22 octobre 2011

Jean Christophe CATHELINEAU 03102011 Logique et réel

CATHELINEAU 03 10 2011 Logique et réel
Que veut dire que la logique est la science du réel ? Qu'est-ce que la science du réel ? Avec Lacan, nous pouvons le formuler comme suit : Que le sens de ces formules faites de petites lettres dépend d'une interprétation, tout comme pour les mathèmes, une interprétation déterminée par l'écriture. L'interprétation découle de la consistance d'une écriture et c'est en cela que Lacan la désigne comme science du réel.
Un exemple ? Newton. Ses écritures formelles, G2T, etc. Ses lettres sont autant de variables choisies par Newton auxquelles il a lié des fonctions, des rapports de l'une à l'autre. G pour gravitation, T pour temps, etc. Ces lettres font force d'interprétation pour le réel.
En logique, Lacan propose une écriture, les mathèmes de la sexuation qui constituent une manière de parler du réel de la psychanalyse, c'est à dire de ce qui constitue le lit de la jouissance. Il propose une écriture qui parle du réel de la jouissance.
Dans un deuxième temps, ce qui en découle est d'ordre clinique : il n'y a pas d'autre moyen pour traité la différence des sexes, pas d'autre moyen que la logique. Ce qui oblige à revenir au fondement de la logique. Lacan est allé rechercher ces fondements dans "de l'interprétation" où Aristote définit certains principes de la logique. "Per ermeneia". Et aussi dans d'autres textes, peu comestibles, ce n’est pas des romans de gare, comme le 1er et 2ème "analytique", qui fondent la prévalence de la lettre en logique.
Le jugement ce fait avec des mots, par exemple "tout homme est blanc", mais Aristote souffle les mots et les remplace par des lettres, c'est à dire des variables, tout A est B, et cela constitue purement et simplement la naissance de la science au sens moderne de ce mot.
Quel est le cheminement de Lacan, d'Aristote au mathème de la sexuation ? De quelle thèse d'Aristote part-il pour construire ses mathèmes ? Il en parle pour la première fois dans le séminaire "D'un discours qui ne serait pas du semblant", dans la leçon du 17 03 1971.
Il y fait allusion à 7-17B 15 20 de "De interprétation" où Aristote pose que l'affirmation, issue d'un "je dis que", qui signale l'universelle s'oppose contradictoirement à une négation partout sur la même chose mais telle qu'elle ne soit pas prise contradictoirement. C'est à décrypter !
Quelle est la question d'Aristote sur laquelle revient Lacan et qui est au cœur du problème ? C'est la contradiction. Où se situe-t-elle ? Qu'est-ce qui est contradictoire ?
Elle se situe entre UA "tout homme est blanc" et PN "quelques hommes ne sont pas blancs". C'est là que, du point de vue logique, il y a contradiction si on essaie de dire les deux choses en même temps. On ne peut pas dire l'une et l'autre. C'est l'un ou l'autre, soit l'un soit l'autre.
Il y a aussi cette contradiction UA et PN "quelques hommes ne sont pas blancs", mais c'est UA/PN que privilégie Lacan, on verra pourquoi c'est cette contradiction qu'il élit.

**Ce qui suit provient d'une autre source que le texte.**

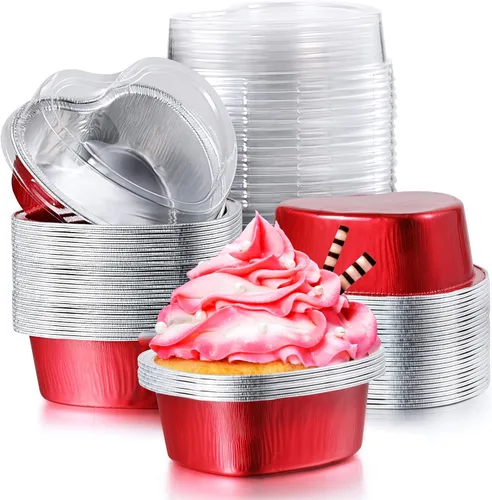 Patelai 100 juegos de moldes para pasteles en forma de corazón con tapas, 3.4 fl oz/3.4 onzas, moldes de aluminio para magdalenas, desechables, mini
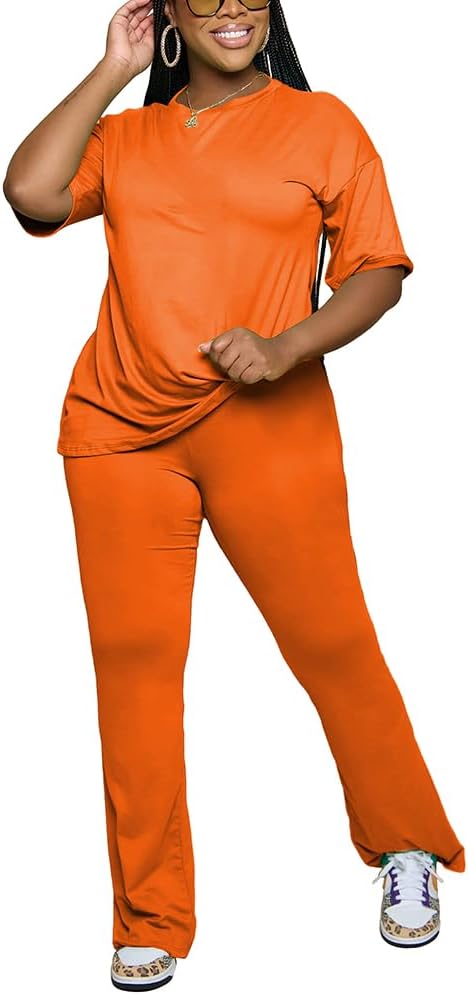 PINSV Women 2 Piece Outfits Short Sleeve Top and Flare Pants Lounge Sets Tracksuit
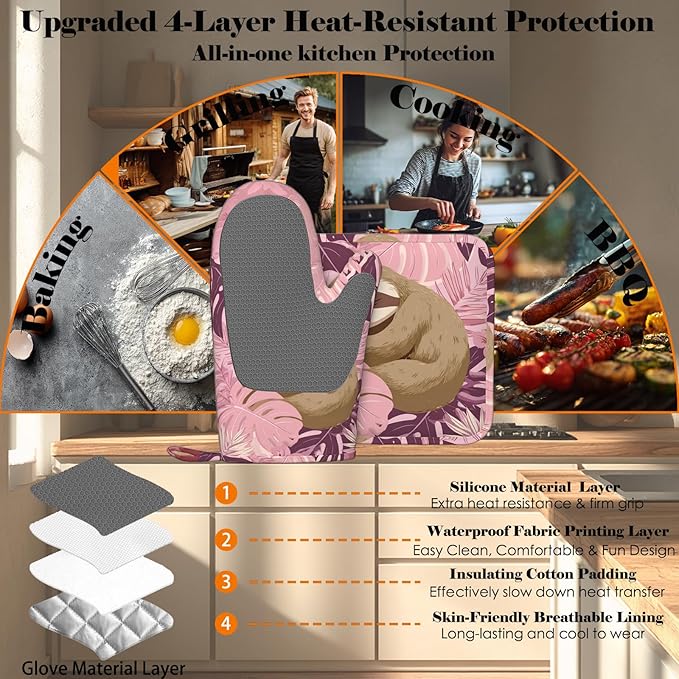 Pink Sloth Heat-Resistant Oven Mitts and Pot Holder Cute Animal Kitchen - Image 4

De quelle nature est cette UA ? Allusif ? Oui, car il y a certainement des circonstances historiques qui l'entoure comme l'éphèbisme. Cette UA, qu'est-ce que c'est ? C'est un énoncé de discours. Un énoncé qui, pour Aristote, concerne plusieurs sujets dans le cas de U et concerne un nombre illimité de sujet dans le cas de P.
Il s'agit d'un énoncé de discours car on se fiche de savoir si "homme" correspond à un ou des êtres réels. Aristote, lui, n'y était pas indifférent mais, en toute logique, il n'est pas nécessaire que cela concerne des êtres réels car c'est affaire de discours essentiellement. Comment le montrer ?
Pour le montrer, il y a le quadrant de Pierce dans "Element of logique, Vol II" (voir illustration). Il s'agit d'un cercle divisé en quatre parts. A gauche, il y a des traits verticaux, A, à droite, il n'y a aucun trait verticaux, N. La part supérieur ne comporte aucun trait oblique, P, la part inférieur contient des traits obliques, U.
Voilà de quoi inscrire un jugement dont celui qui consiste à dire que, en haut à gauche, UA, tout trait est vertical. Ce que Peirce observe, c'est en haut à droite, il n'y a aucun trait, ce qui est équivalent à dire que là aussi, tout est trait est vertical. Voilà ce qui intéresse Lacan.
L'universelle est un pur énoncé de discours, il est vrai quand bien même la zone est vide, la zone vide est valable pour l'universelle A et N. Et il opère un renversement logique dont la logique contemporaine peine à prendre la mesure. Pour Aristote l'universelle U prime sur P. C'est le primat de l'universelle. Mais pas chez Lacan. Pour lui, UA énonce une essence qui n'est qu'un pur énoncé de discours, essentiellement logique.
La logique relève d'énoncé de discours, et pas seulement d’écriture. Les énoncés de discours relève de la lexis, le discours déclaratif, le discours sur le discours, que l'on trouve déjà chez Aristote. C'est de l'ordre de la déclaration, ce qu'on énonce, c'est un acte d'énonciation quand on dit UA.
A l'origine de la logique, le sujet est présent, non forclos, pour énoncé ce qu'il y a à déclarer. Lacan dit qu'il en découle. La logique est la science du réel car elle procède d'un dire (mais pas seulement) qui fait de ces énoncés, des énoncés de discours. Le vif du sujet est celui-ci : Comment Lacan interprète UA et PN et que reste-t-il de la contradiction UA et PN ?
Il interprète cette écriture en la formalisant à partir de la logique contemporaine, à partir de Frege et de Sen(?). La contradiction n'est plus une contradiction mais relation de structure
Pour interpréter, il formalise avec cette introduction qui est de l'ordre de l'invention contemporaine, soit un formalisme de quanteur, pour tout x, pas tout x, la barrière de x comme rapport quantitatif à la barrière du x.
Les quanteurs, issus de Frege, Russel, Mathieu, jouent du prédicat dans leur rapport aux fonctions. Pour rappel, dans l'assertion "tout homme est blanc", le terme "tout" est le sujet, "blanc" est le prédicat, "est" est la copule. Avec Frege, etc, est blanc une fonction, la propriété de x est d'avoir comme image f(x) tel que Tous x - f(x). Le prédicat est f(x).
En mathématique, f(x) a ce sens : une fonction numérique de la variable x. Par exemple, f(x)=x2.
Mais dans notre domaine, ce n'est pas cela, ici, pour nous, le prédicat remplace la fonction.
Question : Est-ce que la propriété est satisfaite ou non ? Si nous pouvons dire que si cela est vrai pour f(x) ou faux alors la fonction dépend de x, c'est une variable de vérité.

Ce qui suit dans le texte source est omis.